Thank you Zvi for writing this excellent post that has helped my research immensely. I will make sure that this post’s research will be used to help other people’s research immensely as well, even if it doesn’t here.
I’ve researched this class of problem professionally, full time, for more than 3 years now. I’ve already found the best hack that mostly solves the problem is to rejigger chrome’s autofill to go exactly to the valuable pages and away from any news feed/scrolling. This is how you do it:
When you go to facebook on a desktop, you type “F” into the chrome bar and it autofills to “facebook.com″ which takes you directly to the news feed for scrolling. What you want instead is to type “F” and it autofills to ”https://www.facebook.com/duncan.sabien″ instead.
Write down/print a list of all the social media accounts that are worth looking at. In my case, that includes Eliezer Yudkowsky’s twitter and Duncan Sabien’s facebook, which update the most frequently.
For each one, use ctrl + C to copy the url of their home page, and use ctrl + t to create a new tab and ctrl + V to paste it in that new tab, then hit enter. Repeat that around ten times, ctrl + T, ctrl + V, enter
This is the tricky part. Type in the habit-letter into the chrome bar (in this case, “F” for “facebook.com″) then use the arrow keys to select the bad-habit autofill (in this case, ”facebook.com″) and hold down alt + shift + backspace to remove it. Continue using alt +shift +backspace to remove things, until autocorrect only shows you the stuff you want.
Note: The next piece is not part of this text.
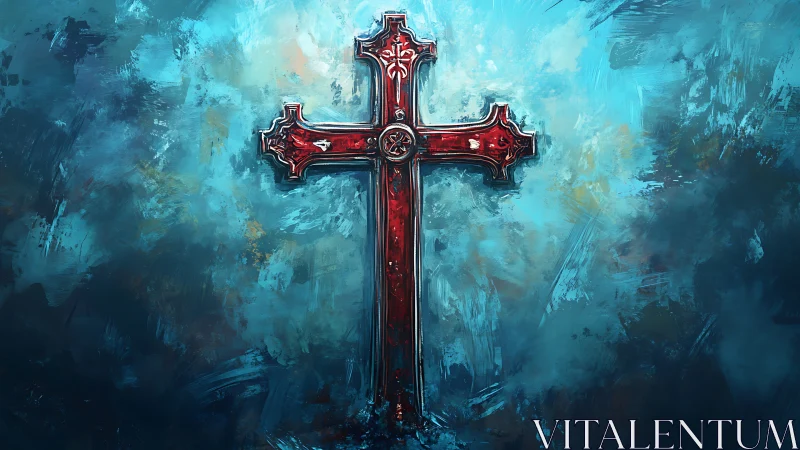 Red ornamental cross on textured blue abstract background.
You might need to reinforce the things you want using the step 3 cycle more than ten times.
The final result should look like this:
In summary:
write down the accounts that are worth looking at (such as Dank EA memes)
copy their url and cycle ctrl + T, ctrl + V, enter, for about 10 iterations
use alt + shift + backspace to delete anything but the accounts that are worth looking at
when you type “f” for facebook, it will show you exactly what you need to see, instead of the main page news feed which is the danger zone
This is the optimal strategy, and I’m only tentatively proposing it because it might lull people into a false sense of security. You are never safe on the contemporary internet. There will always be a springtrap somewhere that disarms you sucks you back into a news feed.
If you’re in the habit of using a phone for leisure, you’re fucked. There are many reasons why, none of which I’m willing to talk about publicly (aside from the news feed issue which is a big one). Zvi underestimates the difficulty of replacing phone usage with desktop/laptop usage, but phone habits will get net-harder to quit with every year that passes (possibly a little easier, probably much harder) so you might as well do it now.
If you want to make people good at skilling up for alignment technical work (e.g. if their brain-type is unique enough for them to have good odds of ending up becoming one of the alignment champions), then getting the candidates to switch from phones to desktops is probably one of the biggest bottlenecks.
Anyone up for writing software that can automate this browser process? Seems like it should be viable to write a program that checks all your autocompletes, you tell it what you want to change and then it fixes it via doing the thing a human would do?
Seems like we could use a browser/addon that gives the user more direct control over the autocomplete, rather than writing workarounds to hack bad software.
If this doesn’t work (chrome might refuse to cooperate) you can send an email to yourself containing all the links, and then bookmark the url to that email. After using it for a week or so, you can have that email be second on the list of search suggestions (the correct word for the stuff in the chrome search bar) whenever you type the first letter that takes you to gmail/other mail.
You can also use alt + shift + backspace and ctrl + T, ctrl + V, enter to change that search suggestion to a new updated email with new links. Or, even easier, just make a bookmark to the email to yourself.
Thiseems a bit overkill when there are such things as bookmarks and pinning sites to your home page. Also if you have a bookmark manager app you can just make that your home page.